Wednesday, 23 March 2011

The Pressure of Politics

I happened to bump into this blog post by Nick Radford recently which explained his decision to leave front-line politics.

I don't know Nick personally but his name is familiar to me within the Liberal Democrat Party and as he states he is a former Parliamentary candidate for the party in Wiltshire. He explains the many different reasons why he's leaving front-line politics after 5 years. I thought that his deliberations were very honest and thought-provoking and I'm sure he speaks for many people involved in politics for differing parties and at varying levels when he said in conclusion...

Nick Radford

"In all the 5 years that I was in politics, I never met a single person involved who came across as content, peaceful and happy in life. Everyone in politics is strained. I just don't think it is an occupation which puts you at peace. There is constant conflict, drama, hyperbole and everyone is always in a rush. You're always being attacked or attacking someone - it's just not good karma. It leaves you nervous, paranoid, hollow. There was no time for the simple things in life.

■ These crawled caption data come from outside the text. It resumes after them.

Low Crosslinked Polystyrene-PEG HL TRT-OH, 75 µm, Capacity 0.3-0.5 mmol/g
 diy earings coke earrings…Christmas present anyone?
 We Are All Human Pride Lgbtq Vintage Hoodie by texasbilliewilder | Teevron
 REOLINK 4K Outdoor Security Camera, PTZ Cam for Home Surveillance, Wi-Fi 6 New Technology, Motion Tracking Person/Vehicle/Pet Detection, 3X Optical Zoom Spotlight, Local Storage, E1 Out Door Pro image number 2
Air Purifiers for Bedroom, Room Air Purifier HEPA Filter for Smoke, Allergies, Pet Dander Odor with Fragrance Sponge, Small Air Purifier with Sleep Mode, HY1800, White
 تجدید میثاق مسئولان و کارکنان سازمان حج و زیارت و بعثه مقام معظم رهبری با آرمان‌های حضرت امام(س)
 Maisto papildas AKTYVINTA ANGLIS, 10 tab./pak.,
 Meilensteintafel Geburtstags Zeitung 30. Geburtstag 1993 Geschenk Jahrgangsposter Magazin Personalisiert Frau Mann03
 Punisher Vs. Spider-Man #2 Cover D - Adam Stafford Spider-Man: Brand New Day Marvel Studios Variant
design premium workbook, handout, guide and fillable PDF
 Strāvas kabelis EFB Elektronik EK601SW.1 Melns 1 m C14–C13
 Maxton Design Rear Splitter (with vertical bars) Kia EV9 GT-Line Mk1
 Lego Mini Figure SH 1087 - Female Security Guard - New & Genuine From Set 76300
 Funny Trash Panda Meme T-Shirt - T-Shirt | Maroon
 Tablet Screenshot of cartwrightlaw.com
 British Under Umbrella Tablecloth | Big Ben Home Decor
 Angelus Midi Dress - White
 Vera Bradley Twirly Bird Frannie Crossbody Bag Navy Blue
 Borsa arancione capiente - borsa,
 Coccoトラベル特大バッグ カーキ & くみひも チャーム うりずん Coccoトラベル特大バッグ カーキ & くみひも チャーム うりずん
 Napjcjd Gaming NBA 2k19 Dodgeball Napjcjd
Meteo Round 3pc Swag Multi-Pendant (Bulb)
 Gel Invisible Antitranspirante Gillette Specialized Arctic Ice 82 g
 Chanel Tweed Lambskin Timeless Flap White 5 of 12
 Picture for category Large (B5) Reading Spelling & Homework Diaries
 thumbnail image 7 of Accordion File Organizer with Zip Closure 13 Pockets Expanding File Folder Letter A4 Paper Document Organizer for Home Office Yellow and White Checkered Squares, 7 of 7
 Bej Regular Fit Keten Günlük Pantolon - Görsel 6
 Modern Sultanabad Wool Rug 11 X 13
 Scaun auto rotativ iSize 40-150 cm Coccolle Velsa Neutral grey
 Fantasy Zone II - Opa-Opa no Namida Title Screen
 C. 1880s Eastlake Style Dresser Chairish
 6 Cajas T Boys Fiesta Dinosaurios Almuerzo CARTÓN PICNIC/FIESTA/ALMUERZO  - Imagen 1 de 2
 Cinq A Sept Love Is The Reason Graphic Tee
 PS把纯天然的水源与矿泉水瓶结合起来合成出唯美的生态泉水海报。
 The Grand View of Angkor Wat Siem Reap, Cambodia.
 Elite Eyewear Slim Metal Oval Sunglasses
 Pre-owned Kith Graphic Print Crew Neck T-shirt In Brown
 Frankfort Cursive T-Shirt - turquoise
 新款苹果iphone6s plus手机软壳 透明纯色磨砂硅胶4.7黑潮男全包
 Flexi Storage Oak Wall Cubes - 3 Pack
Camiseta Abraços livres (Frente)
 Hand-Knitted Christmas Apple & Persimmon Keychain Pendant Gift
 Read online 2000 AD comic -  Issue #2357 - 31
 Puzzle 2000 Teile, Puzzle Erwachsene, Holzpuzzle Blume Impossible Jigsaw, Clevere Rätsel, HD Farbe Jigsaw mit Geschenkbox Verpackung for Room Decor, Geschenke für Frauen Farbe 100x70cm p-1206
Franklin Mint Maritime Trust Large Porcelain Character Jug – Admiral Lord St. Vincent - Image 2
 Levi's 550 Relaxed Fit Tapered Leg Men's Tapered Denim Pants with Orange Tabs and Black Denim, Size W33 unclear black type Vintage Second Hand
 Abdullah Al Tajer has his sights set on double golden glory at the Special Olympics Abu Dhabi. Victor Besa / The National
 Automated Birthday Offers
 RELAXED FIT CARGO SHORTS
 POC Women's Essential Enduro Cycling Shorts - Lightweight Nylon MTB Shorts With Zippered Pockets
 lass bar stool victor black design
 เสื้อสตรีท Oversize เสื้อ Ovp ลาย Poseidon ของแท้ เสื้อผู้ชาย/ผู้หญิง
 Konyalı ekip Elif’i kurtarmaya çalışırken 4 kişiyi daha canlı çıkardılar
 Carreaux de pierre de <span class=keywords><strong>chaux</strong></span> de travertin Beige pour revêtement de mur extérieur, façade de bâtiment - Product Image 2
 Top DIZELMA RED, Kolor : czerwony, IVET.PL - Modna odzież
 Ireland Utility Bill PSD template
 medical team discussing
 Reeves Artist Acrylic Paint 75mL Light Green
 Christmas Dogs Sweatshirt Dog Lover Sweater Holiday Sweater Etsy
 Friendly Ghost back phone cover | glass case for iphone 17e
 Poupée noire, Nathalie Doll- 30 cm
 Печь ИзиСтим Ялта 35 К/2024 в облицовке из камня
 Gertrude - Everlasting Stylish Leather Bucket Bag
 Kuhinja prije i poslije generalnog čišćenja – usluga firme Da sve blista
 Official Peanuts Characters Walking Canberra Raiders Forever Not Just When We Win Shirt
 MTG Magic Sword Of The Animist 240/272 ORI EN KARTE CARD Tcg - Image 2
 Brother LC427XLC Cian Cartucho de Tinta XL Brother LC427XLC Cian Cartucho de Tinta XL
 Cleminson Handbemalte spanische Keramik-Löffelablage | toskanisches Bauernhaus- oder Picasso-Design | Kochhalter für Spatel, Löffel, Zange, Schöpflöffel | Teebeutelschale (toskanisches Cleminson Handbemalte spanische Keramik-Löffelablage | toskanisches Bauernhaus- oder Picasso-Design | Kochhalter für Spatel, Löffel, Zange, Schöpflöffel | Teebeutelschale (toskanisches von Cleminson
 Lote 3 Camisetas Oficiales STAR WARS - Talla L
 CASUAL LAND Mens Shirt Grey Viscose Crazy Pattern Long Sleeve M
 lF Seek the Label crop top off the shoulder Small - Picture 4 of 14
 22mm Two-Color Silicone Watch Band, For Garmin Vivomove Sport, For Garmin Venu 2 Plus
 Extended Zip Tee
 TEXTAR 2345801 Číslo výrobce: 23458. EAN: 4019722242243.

These days I feel like a different person. I have a quiet, wholesome happiness right at my core. I know it sounds cliched but I have an "inner peace" which I never had at any point in the last 5 years. I get to read books, go for runs, make good food, research obscure topics that interest me, spend time with my family and with Eeva, dream and make plans for the future – it's like a whole new lease of life".

I can certainly sympathise with his views. Being in politics isn't easy. It is immensly rewarding when you successfully help a resident with one of their concerns or when you have made a positive contribution to a facet of policy-making but living your life in the public eye can sometimes result in some of the emotions above that Nick testifies too.

I've been doing this now for 7 years and as mentioned previously, I intend to stand for re-election to Ceredigion Couny Council next year. I enjoy the drama, the hyperbole and the rush. If I didn't, I wouldn't have lasted as long as I already have.

But I'm only 28. In a way, like Nick, I've gone about it in an unconventional sense. Instead of taking on front-line politics in my latter years as is usually the case with many, I've done so from an early age - being elected originally at the age of 21.

Who's to know how I'll feel in 5, 10, 15, 20 years time. But I know that if the enjoyment of the cut and thrust of being in politics is ever overtaken by that hollow sense of paranoia and nervousness, then the time would come for me to make the same bold decision that Nick has made.

Good luck to you Nick. It's a courageous man that makes a life-changing decision from a life he has known to one he may not.

I wish you the best for your future.


  1. I got to campaign for Nick back in 2010. It is a shame he is leaving front line politics but I completely understand the attacks after the election I remember as being particularly personal.

  2. If it is any consolation, Mark, I will be 37 by the time of the next local elections in Ceredigion and would like to (if there are no huge objections) stand for the Lib Dems again in those elections, something I have done continually since 2004 (for Henfynwy, then for Ciliau Aeron in 2008) and I do so simply to be able to say (if I am elected) "Right, what would you like me to do on your behalf in council?"